Extracted records
|---|

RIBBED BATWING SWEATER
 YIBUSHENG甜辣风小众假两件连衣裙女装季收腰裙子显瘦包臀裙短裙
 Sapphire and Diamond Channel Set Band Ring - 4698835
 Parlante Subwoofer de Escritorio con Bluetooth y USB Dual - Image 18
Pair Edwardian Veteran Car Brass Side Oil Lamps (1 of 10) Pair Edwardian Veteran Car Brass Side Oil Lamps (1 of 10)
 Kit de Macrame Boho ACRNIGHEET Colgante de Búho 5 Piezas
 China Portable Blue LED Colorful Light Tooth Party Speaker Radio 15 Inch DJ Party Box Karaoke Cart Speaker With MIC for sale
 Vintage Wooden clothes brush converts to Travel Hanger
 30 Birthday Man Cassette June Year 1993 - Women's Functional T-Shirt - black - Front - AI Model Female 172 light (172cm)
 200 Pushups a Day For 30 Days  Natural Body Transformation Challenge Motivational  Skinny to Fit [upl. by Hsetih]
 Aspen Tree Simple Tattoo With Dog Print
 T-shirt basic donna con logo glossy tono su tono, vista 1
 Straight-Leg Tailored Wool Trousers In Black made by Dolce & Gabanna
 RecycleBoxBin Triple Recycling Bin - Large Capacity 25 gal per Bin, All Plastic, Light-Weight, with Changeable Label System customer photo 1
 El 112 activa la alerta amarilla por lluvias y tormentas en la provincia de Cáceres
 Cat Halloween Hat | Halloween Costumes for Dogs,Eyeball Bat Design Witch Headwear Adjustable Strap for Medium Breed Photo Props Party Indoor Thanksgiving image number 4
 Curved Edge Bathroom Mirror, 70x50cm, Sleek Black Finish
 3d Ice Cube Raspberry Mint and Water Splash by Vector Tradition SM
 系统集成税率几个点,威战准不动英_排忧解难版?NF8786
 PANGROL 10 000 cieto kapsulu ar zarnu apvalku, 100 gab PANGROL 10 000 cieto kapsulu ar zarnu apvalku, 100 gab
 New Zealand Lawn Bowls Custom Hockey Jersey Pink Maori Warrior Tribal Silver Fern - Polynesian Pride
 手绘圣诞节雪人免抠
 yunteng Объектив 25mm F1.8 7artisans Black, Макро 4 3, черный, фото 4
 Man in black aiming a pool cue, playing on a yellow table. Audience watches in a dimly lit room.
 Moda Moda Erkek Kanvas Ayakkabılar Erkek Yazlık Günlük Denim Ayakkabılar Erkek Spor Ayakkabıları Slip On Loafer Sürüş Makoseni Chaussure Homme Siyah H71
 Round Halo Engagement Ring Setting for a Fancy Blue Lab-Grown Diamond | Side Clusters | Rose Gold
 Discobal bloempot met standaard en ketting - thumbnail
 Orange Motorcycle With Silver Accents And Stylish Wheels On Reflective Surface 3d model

|---|

Please return all of the records exactly as they appear.

RIBBED BATWING SWEATER
 YIBUSHENG甜辣风小众假两件连衣裙女装季收腰裙子显瘦包臀裙短裙
 Sapphire and Diamond Channel Set Band Ring - 4698835
 Parlante Subwoofer de Escritorio con Bluetooth y USB Dual - Image 18
Pair Edwardian Veteran Car Brass Side Oil Lamps (1 of 10) Pair Edwardian Veteran Car Brass Side Oil Lamps (1 of 10)
 Kit de Macrame Boho ACRNIGHEET Colgante de Búho 5 Piezas
 China Portable Blue LED Colorful Light Tooth Party Speaker Radio 15 Inch DJ Party Box Karaoke Cart Speaker With MIC for sale
 Vintage Wooden clothes brush converts to Travel Hanger
 30 Birthday Man Cassette June Year 1993 - Women's Functional T-Shirt - black - Front - AI Model Female 172 light (172cm)
 200 Pushups a Day For 30 Days  Natural Body Transformation Challenge Motivational  Skinny to Fit [upl. by Hsetih]
 Aspen Tree Simple Tattoo With Dog Print
 T-shirt basic donna con logo glossy tono su tono, vista 1
 Straight-Leg Tailored Wool Trousers In Black made by Dolce & Gabanna
 RecycleBoxBin Triple Recycling Bin - Large Capacity 25 gal per Bin, All Plastic, Light-Weight, with Changeable Label System customer photo 1
 El 112 activa la alerta amarilla por lluvias y tormentas en la provincia de Cáceres
 Cat Halloween Hat | Halloween Costumes for Dogs,Eyeball Bat Design Witch Headwear Adjustable Strap for Medium Breed Photo Props Party Indoor Thanksgiving image number 4
 Curved Edge Bathroom Mirror, 70x50cm, Sleek Black Finish
 3d Ice Cube Raspberry Mint and Water Splash by Vector Tradition SM
 系统集成税率几个点,威战准不动英_排忧解难版?NF8786
 PANGROL 10 000 cieto kapsulu ar zarnu apvalku, 100 gab PANGROL 10 000 cieto kapsulu ar zarnu apvalku, 100 gab
 New Zealand Lawn Bowls Custom Hockey Jersey Pink Maori Warrior Tribal Silver Fern - Polynesian Pride
 手绘圣诞节雪人免抠
 yunteng Объектив 25mm F1.8 7artisans Black, Макро 4 3, черный, фото 4
 Man in black aiming a pool cue, playing on a yellow table. Audience watches in a dimly lit room.
 Moda Moda Erkek Kanvas Ayakkabılar Erkek Yazlık Günlük Denim Ayakkabılar Erkek Spor Ayakkabıları Slip On Loafer Sürüş Makoseni Chaussure Homme Siyah H71
 Round Halo Engagement Ring Setting for a Fancy Blue Lab-Grown Diamond | Side Clusters | Rose Gold
 Discobal bloempot met standaard en ketting - thumbnail
 Orange Motorcycle With Silver Accents And Stylish Wheels On Reflective Surface 3d model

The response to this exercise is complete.